Samsung could keep only smartphones and memory as other divisions face shutdown in China
Reports coming from the channel network of China suggest Samsung is preparing to gut its operations in the country, potentially down to just two businesses: smartphones and memory chips. Everything else? Possibly gone.
The details surfaced through ChannelGate (via ITHome), a trade publication under the Bobantang media umbrella, citing insiders with direct knowledge of Samsung’s internal discussions.
According to Samsung China has already made significant moves to wind down its home appliance division. The monitor business, which sits under that same consumer electronics umbrella, is now caught in the same undertow.
Samsung’s monitor division actually grew in 2025. It may get shut down anyway, not because it failed, but because it shares a corporate roof with a division Samsung is abandoning. That’s not a strategy, but collateral damage.

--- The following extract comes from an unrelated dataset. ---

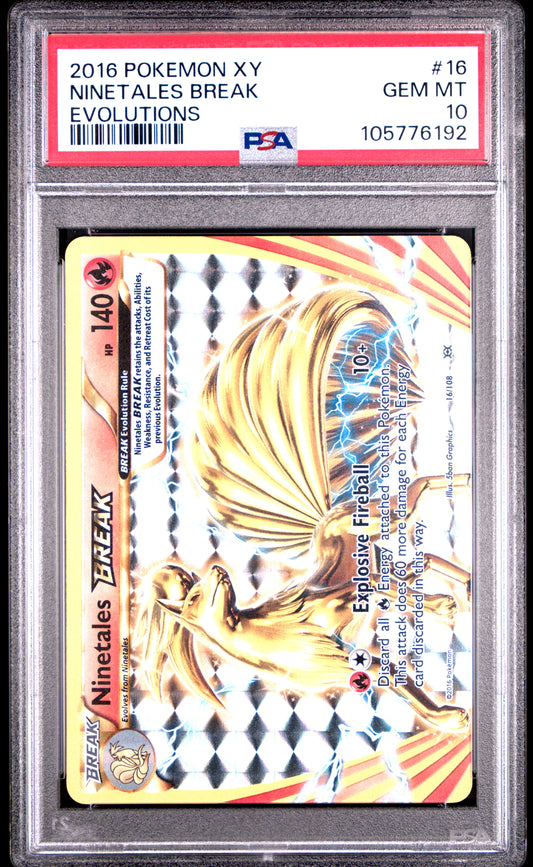 NINETALES BREAK 16/108 Common POKEMON XY EVOLUTIONS EVOLUTIONS PSA10 GEM MT 10 PSA population 709 <a href=https://www.psacard.com/cert/105776192/psa>https://www.psacard.com/cert/105776192/psa</a>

Samsung reportedly held internal discussions with JD.com, China’s retail giant, possibly about some kind of takeover arrangement for the monitor business. JD.com passed, or at least that’s what’s circulating in the channel.
Another name has surfaced in the rumors: Saifu. The company recently acquired LG’s online home-appliance operations in China and is reportedly being considered as a potential new owner of Samsung’s monitor segment.
Nothing confirmed, but the fact that Samsung is reportedly shopping this business around tells you everything about where the internal decision-making has landed.
Hanlinhui, the national distributor responsible for Samsung monitors across China, didn’t wait for a press release. When distributors freeze inventory before any official announcement, the announcement is usually just a formality.
If the rumors are accurate, Samsung China’s future is essentially a components play wrapped around a smartphone presence. Memory chips feed the broader global supply chain and don’t require Samsung to win Chinese consumers’ hearts.